# Problem details
Scan the material for the word "blue", then return every line where it appears.

# Data supplied
•••••

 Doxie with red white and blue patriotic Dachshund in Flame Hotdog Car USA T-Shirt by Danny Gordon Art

•••••

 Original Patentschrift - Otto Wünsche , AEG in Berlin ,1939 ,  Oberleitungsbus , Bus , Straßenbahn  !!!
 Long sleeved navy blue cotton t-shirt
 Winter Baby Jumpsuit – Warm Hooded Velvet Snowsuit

•••••

# Your response
 Doxie with red white and blue patriotic Dachshund in Flame Hotdog Car USA T-Shirt by Danny Gordon Art
 Long sleeved navy blue cotton t-shirt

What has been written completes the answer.